The state of emergency imposed in Nelson and Tasman this week because of Cyclone Gita has been lifted.
A spokesman, Roger Ball, said the fuel conservation plan in Golden Bay remained in place, with a $30 fuel limit per vehicle per day.
Relief and welfare operations will continue for the next few days and six response teams are continuing welfare assessments in the Motueka, Riwaka and Brooklyn Valley areas.
The Transport Agency is expected to provide an update this evening on the Takaka Hill highway.
An air operator also said the queues of people waiting to get out of Golden Bay were now lessening.
Lisa Sheppard of Golden Bay Air said they had ferried 250 people out of Takaka since Wednesday.

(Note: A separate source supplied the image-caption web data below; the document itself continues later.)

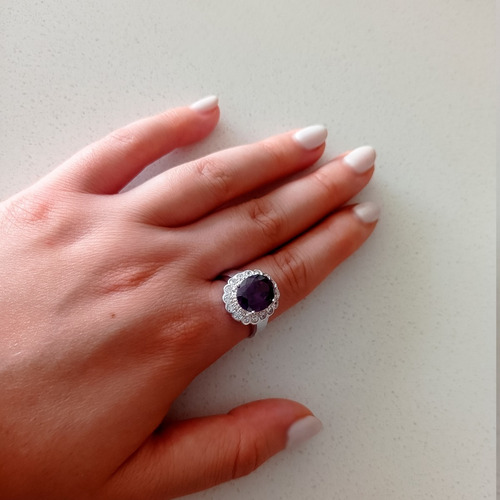 Imagen 4 de 6 de Anillo Plata Italiana 925 Y Circonitas Modelo Dayana Violeta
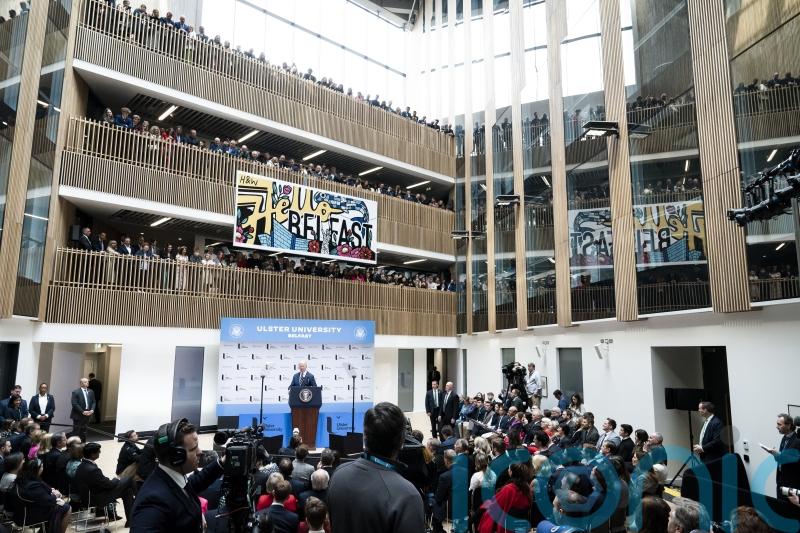 US president extols &lsquo;dividends of peace&rsquo; at new university campus in Belfast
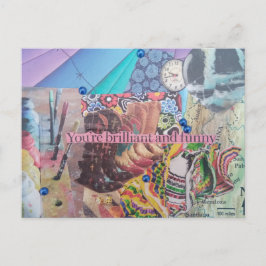 Sie sind brilliante und lustige Collage Postcard Postkarte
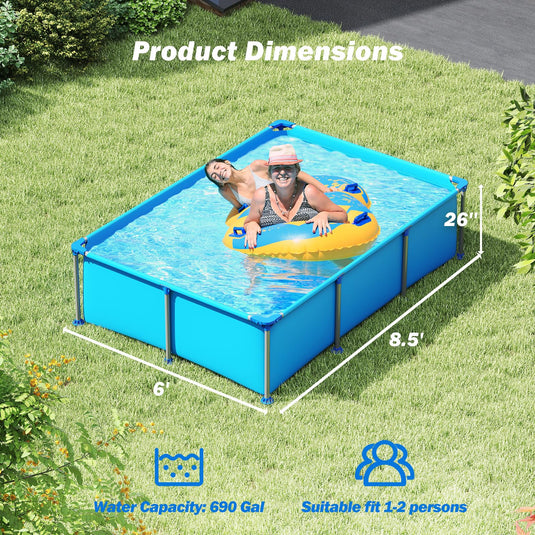 Goplus 8.5' x 6' x 26" Rectangle Metal Frame Pool Set Above Ground Swimming Pool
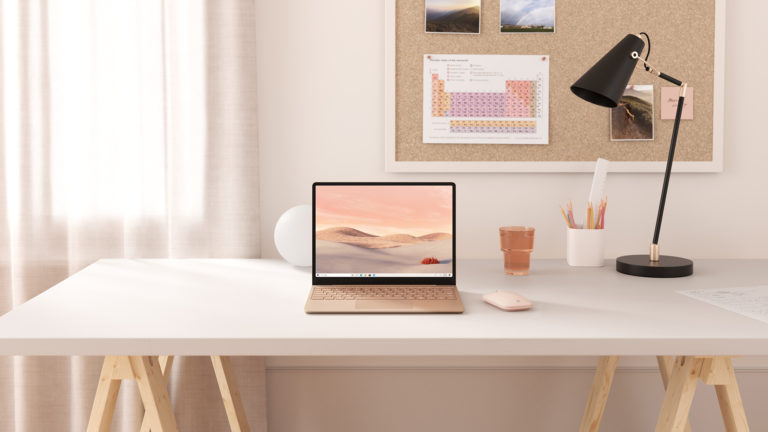 a Microsoft Surface Go laptop on a desk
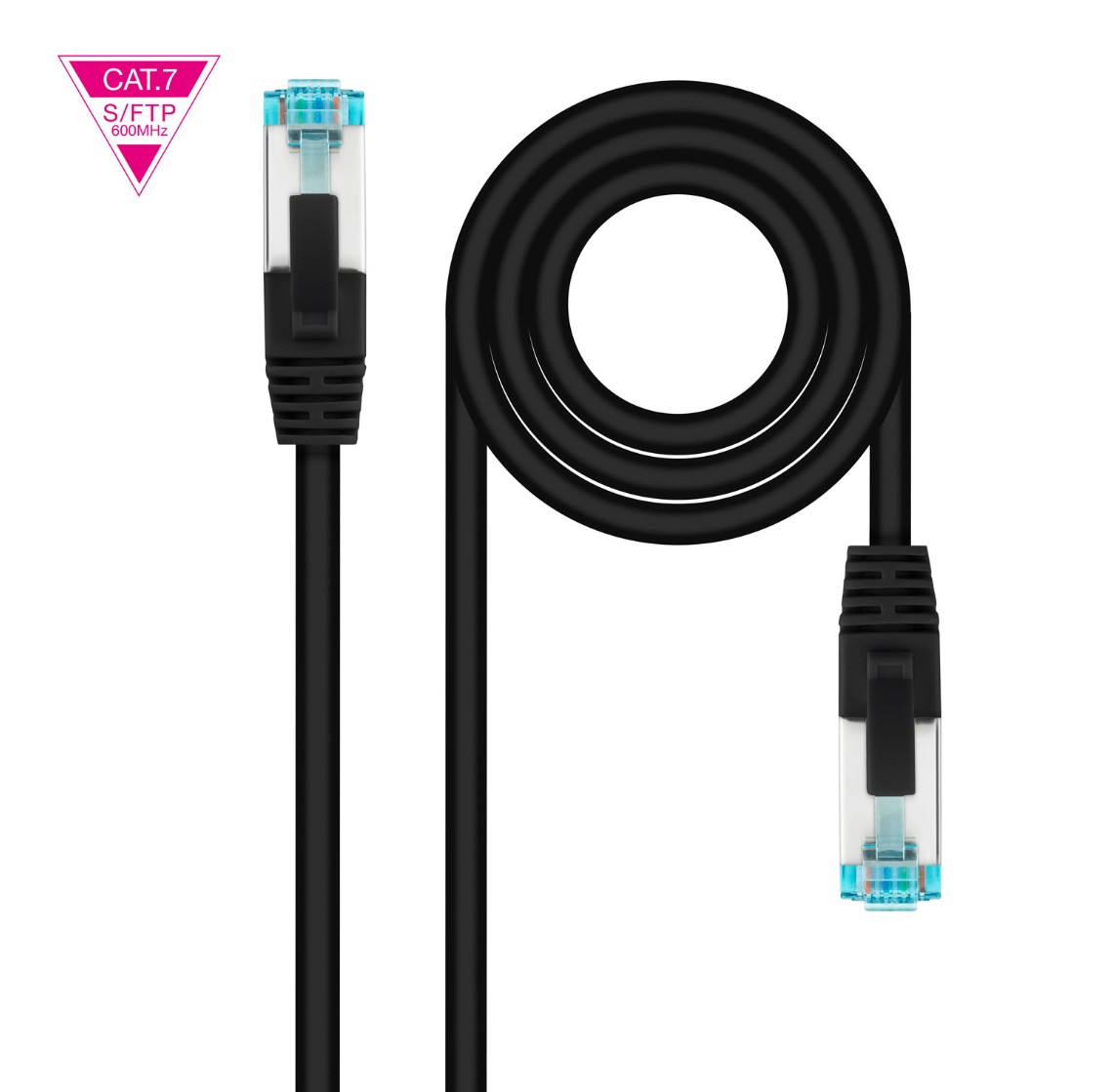 Matériels informatique câble réseau Nanocable Catégorie 7 S-FTP SFTP Droit 50cm Noir infinytech Réunion 01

She said hundreds queued at the Takaka air field over the past two days, and many were still waiting for a seat on a plane.
"And we've probably got a hundred still on the waitlist plus quite a few people now being in contact concerned about whether or not the hill will be open next week.
"We're hanging in there and people are getting to where they need to be."
She said others were finding a way out by boat.
Golden Bay is also rationing fuel after being cut off due to slips on Takaka Hill, the only road in and out of the town, after heavy rain from Cyclone Gita soaked the country on Tuesday.
Yesterday, two barges carrying groceries and other supplies reached Port Tarakohe, near Takaka.
But the delivery did not include petrol, which is starting to worry business owners who are rationing their stock.
Tourists are also starting to worry about the fuel shortage and road closure but many have already left by light aircraft or a water taxi.
Civil Defence yesterday said the limited supply of fuel is being managed with a $30 daily restriction per vehicle per day, exempting emergency services and volunteers helping with the recovery.
But good news may be in sight after Maritime New Zealand granted permission for a commercial barge to bring petrol and gas into the port.
Under its operating certificate, the barge is not normally allowed to carry dangerous goods.
Nelson-Tasman Civil Defence Controller Roger Ball said the availability of the barge was good news.
He said some gas may have already been sent on a barge last night as restaurants and campgrounds are running low.
Food supplies and toilet paper were also running low before the barges arrived.